But is life, can life itself be, a construct? (I watched the execrable, if fun, Marie Antoinette film the other week; her life was certanly a construct, though less so in this version - this version was a construct of Sofia Copppola's life, I think, in LA.) Maybe, without falling prey to excesses in the style of Versailles, I'd be better off if my life were a little more of a construct. If making art is the act of imposing order on chaos, of discerning pattern and thus meaning in the seemingly random universe, maybe so. Gilbert & George seem very happy. I seem to have an idea that one of the things they love most is jam.

Isabella Blow certainly seems, from my far-outside vantage point, to have had a loving and happy marriage, not that that saved her. Then again, the imposition of order on chaos, the constructivisin of our actual life, would mean that we, ourselves, would be stifled, and this our artistic selves couldn't grow. This means that in neither of these cases can an imposition of form be sald to be happening. What is happening is a natural expression of the form and order that exists within these artists.

THis may seem obvious. I've just taken a few hundred words to conclude the obvious, which anyone could tell you. You have to be able to live in your own skin, it is your only house. All your art must come out of your own house, however you find the way to do that.

But, I mean so, do Gilbert & George not operate under the same constraints as the rest of us? At what point, and how on earth, did they know this construct would work? Did they just know they would never want to be apart, ever? How did they know that? Do they never have disagreements and feel that they can't spend another week, let alone decades, under the same roof? What if one of them copped off with someone else? Forever? Unthinkable. Or is it? Might it only change the shape of the work of art that is "Gilbert & George"?

A commenter in the discussion at That's So Pants said he "distrusts iconic photographs" because so often they turn out to have been "staged". Funny: they are true to what the photographer wanted to convey, which may be a reconstruction of something that happened too fast for the shutter, or may be an externally-recognisable response to something - like, for example, the end of the war. They are the manifestation of the photographer's Self. I'd have thought that was a good reason TO trust them.

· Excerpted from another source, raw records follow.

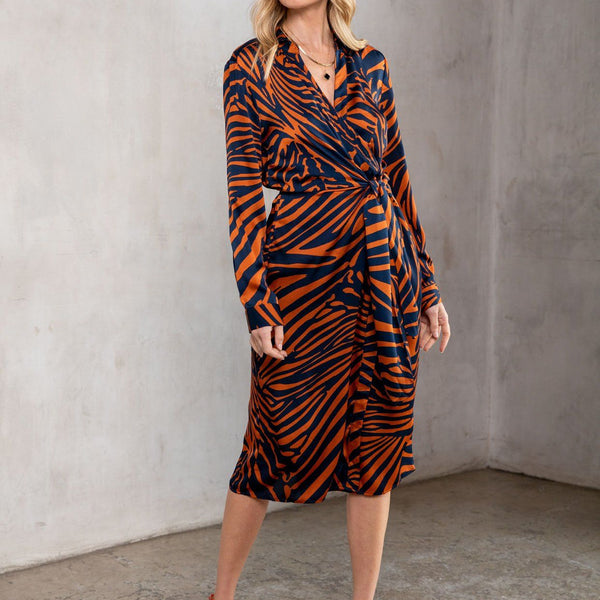 orange zebra print mesh flared sleeve tie waist bodycon dress Orange Zebra Print Mesh Flared Sleeve Tie Waist Bodycon Dress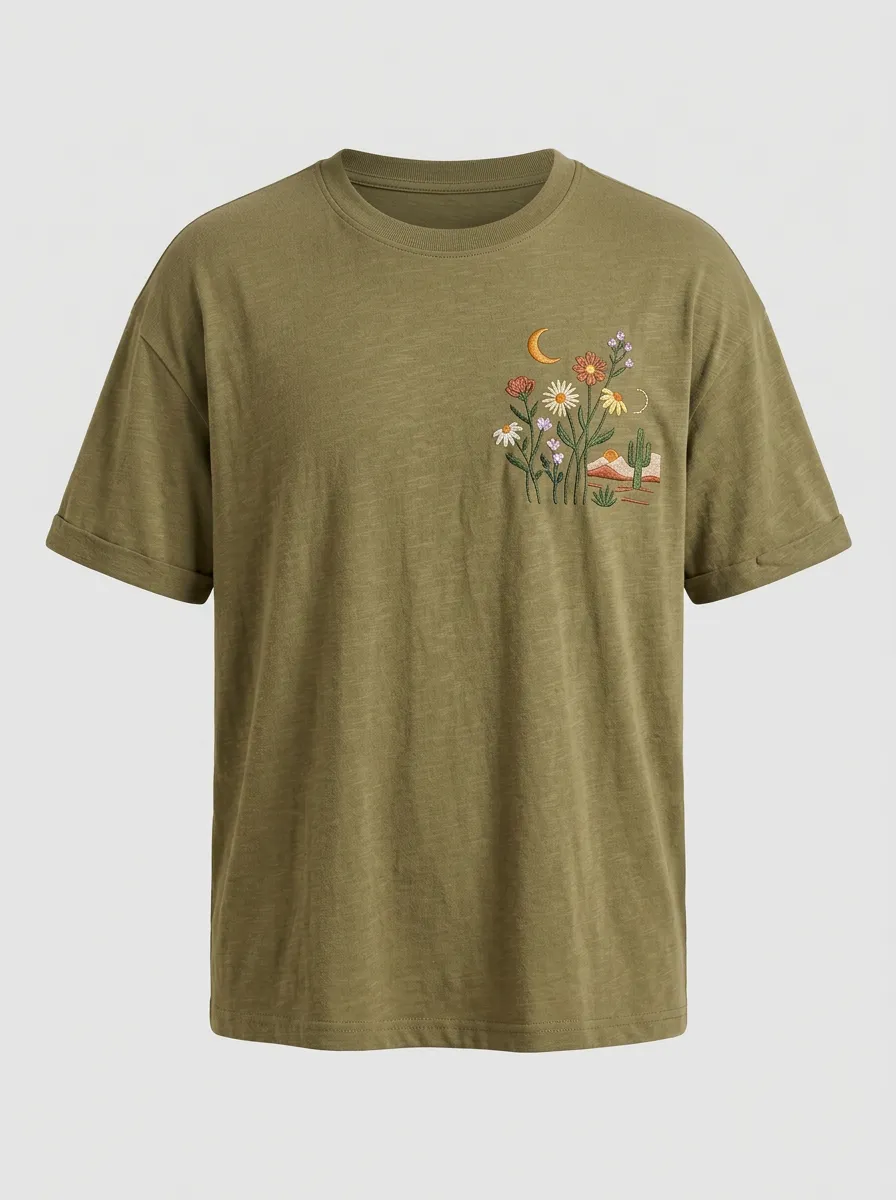Unisex Boho Nature Lover Moon Cactus Floral Embroidered T-shirt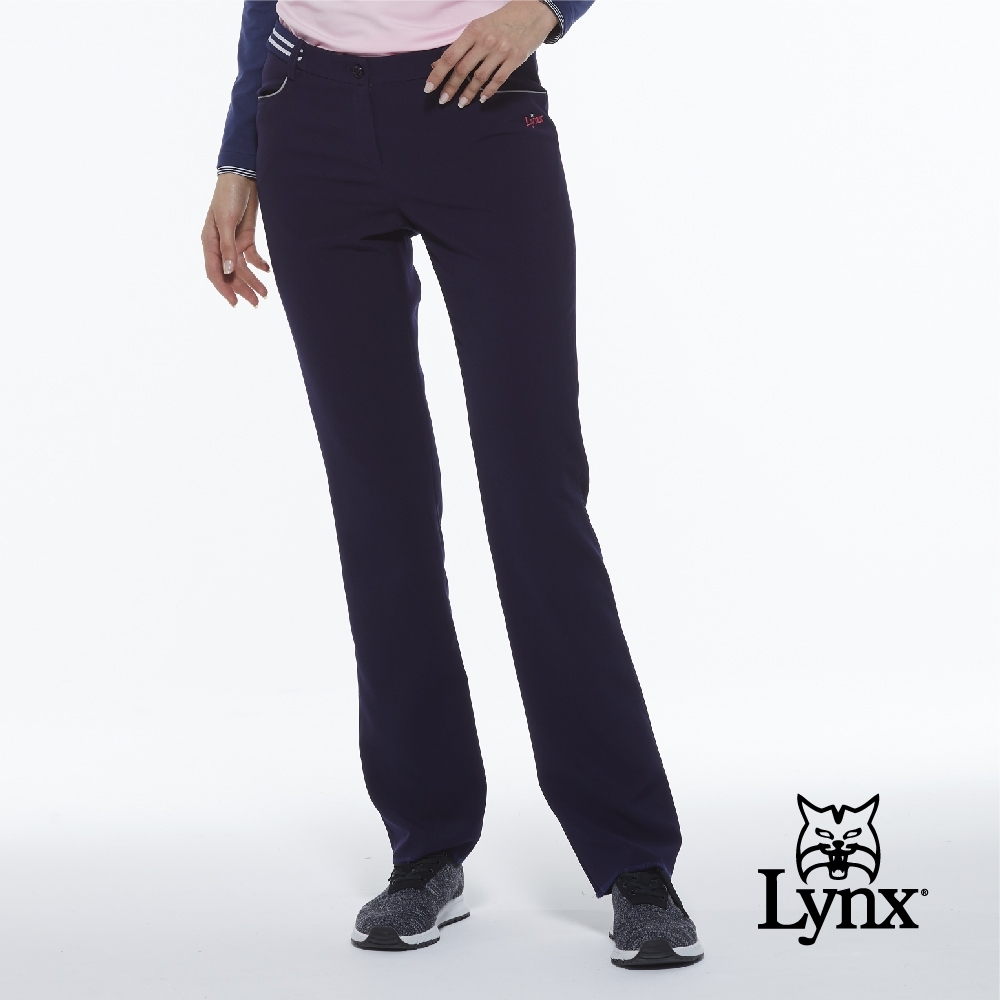 【Lynx Golf】女款腰頭羅紋設計貓咪繡花直筒休閒長褲-深紫色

Click your heels together three times and repeat after me:


* I just refreshed my memory on this piece, and thus have read more about the aftermath of the installation. There is indeed something troubling about it, and Michael Landy seems troubled. He talks about being at peace with the whole thing, but no one that determined to have nothing can be said to be at peace. So maybe that is life-as-art, after all.

Tuesday, 24 April 2007

... and the prize for best comment goes to...

Ladies and gentlemen, can I please direct your attention back to February 21st, 2007? It was the day WH Auden would have turned 100. Here at Baroque Mansions we hung out the bunting and celebrated with a new poem, made largely - not entirely - of lines from Uncle Wiz himself (though Madame here forgot to keep notes of where the pertinent lines came from! I know I have the book around somewhere...).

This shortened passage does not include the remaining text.